Question

A uniform meter rule of mass 100 g is balanced on a fulcrum at mark 40 cm by suspending an unknown mass m at the mark 20 cm.
 (i) Find the value of m
(ii) To which side the rule will tilt if the mass m is moved to the mark 10cm?
(iii) What is the resultant moment now?
(iv) How can it be balanced by another mass of 50g?

Answer 1

Hint: When a rule is balanced, then the clockwise moment about a point on the rule is equal to the anticlockwise moment about that same point on the rule, this is stated by the principle of moments. When the balancing mass is moved then the resultant moment is the difference of clockwise moment and anticlockwise moment.
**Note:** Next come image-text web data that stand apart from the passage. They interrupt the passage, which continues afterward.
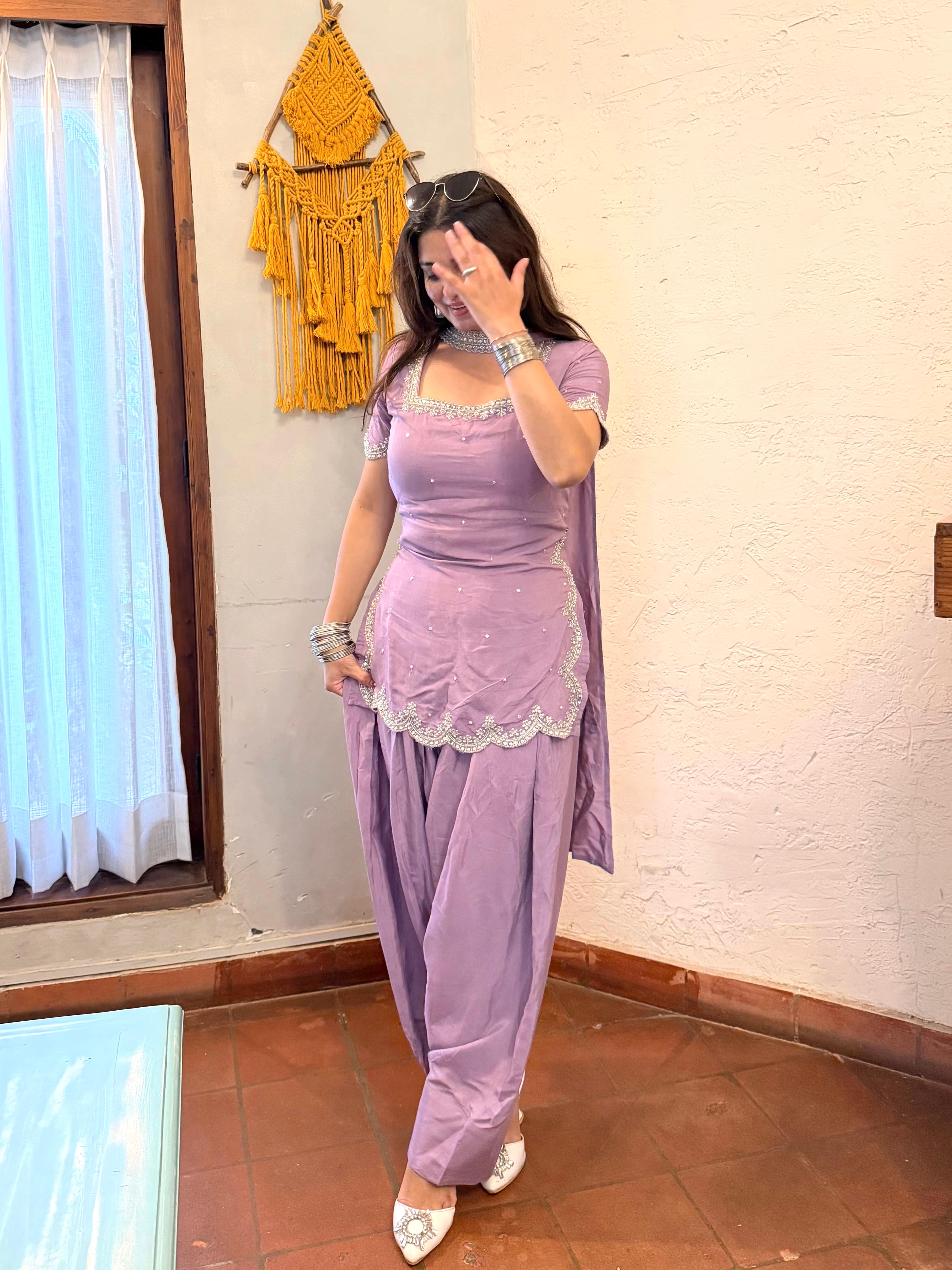 Purple Handwork Embellished Farsi Salwar3 Pcs Set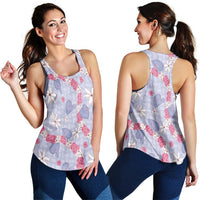 Hawaii Anthurium Tiare Pikake Lei Women Racerback Tank Poni Lauhala Art Pattern LT01 - Polynesian Pride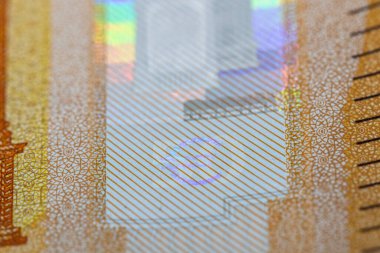 Banknotun güvenlik özelliklerinin yakın plan çekimi; çapraz çizgili bir arkaplanda, karmaşık, altın desenli bir sınırla çevrili soluk-mavi bir avro sembolü gösteriyor. Gökkuşağı yanardağı görünür.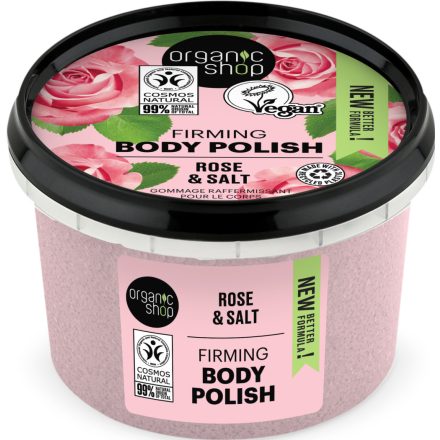 Feszesítő testpolír rózsával és sóval 250 ml Organic Shop
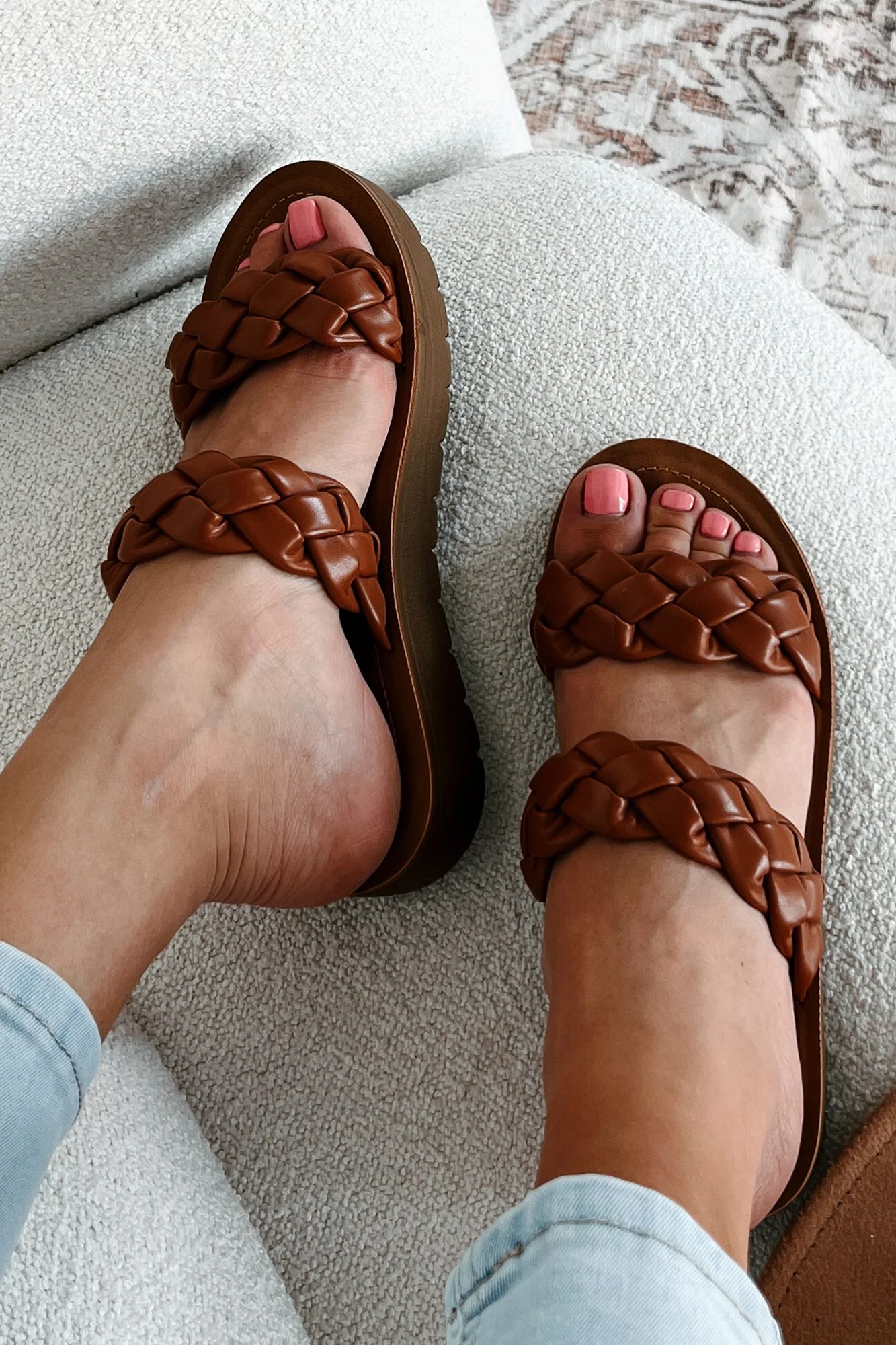 Always On The Move Braided Strap Platform Sandal (Whisky) - Image 4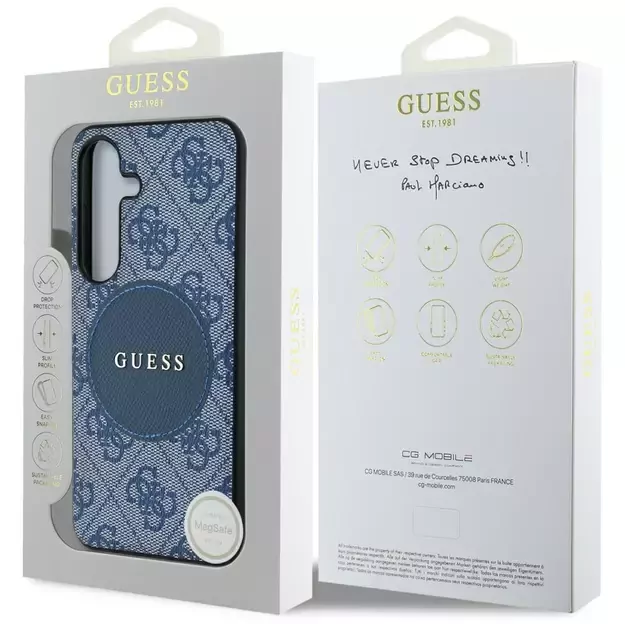 Guess 4G Round Patch Classic Logo MagSafe case for Samsung Galaxy S25 blue 14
Complete step by step answer:
The figure below shows the rule balanced at mark 40 cm by suspending mass m at the mark 20 cm.

(i) Finding the value of m,
The clockwise moment is given by,
$\Rightarrow M\times {{d}_{1}}$ ….(i)
Where, M is mass of rule i.e. 100g and ${{d}_{1}}$ is the distance of fulcrum from the center of mass of rule.
${{d}_{1}}=50cm-40cm=10cm$ ….(ii)

The anticlockwise moment is given by,
$\Rightarrow m\times {{d}_{2}}$ ….(iii)
Where, m is an unknown mass and ${{d}_{2}}$is the distance of mass m from the fulcrum.
${{d}_{2}}=40cm-20cm=20cm$ ….(iv)

Now equating the clockwise moment equal to the anticlockwise moment, we get,
From (i) and (iii),
$M\times {{d}_{1}}=m\times {{d}_{2}}$ ….(v)

Putting the values from (ii) and (iv) in (v), we get,
$\Rightarrow 100g\times 10cm=m\times 20cm$
$\Rightarrow m=50g$
(ii) If the mass m is moved to the mark 10cm, then the balance will shift and the rule will tilt towards mass m.

(iii) The resultant moment when the mass m is moved to the mark 10cm is given by,
$\Rightarrow m\times d=50g\times 30cm=1500g\cdot cm$ (anticlockwise moment)
Where, $d=40cm-10cm=30cm$

(iv) To balance the rule by another mass of 50g we must place the new mass to the right of the fulcrum so as to counter the anticlockwise moment with clockwise moment,
Let the mark at which mass 50g will be placed be x,
Hence, clockwise moment is,
$\Rightarrow 1000g\cdot cm+50g\times (x-40)$ ….(vi)
And, anticlockwise moment is,
$\Rightarrow 1500g\cdot cm$ ….(vii)
Thus, equating (vi) and (vii) and solving for x, we get,
$\Rightarrow 1000g\cdot cm+50g\times (x-40)=1500g\cdot cm$
$\Rightarrow x=50cm$

Therefore, mass 50g will be placed at mark 50cm to balance the rule.

Note:
Students must be familiar with the principle of moments and the formulae for calculating clockwise moment and anticlockwise moment about a point on the rule. Extra care should be taken when finding the distance from the fulcrum to masses suspended to balance rule.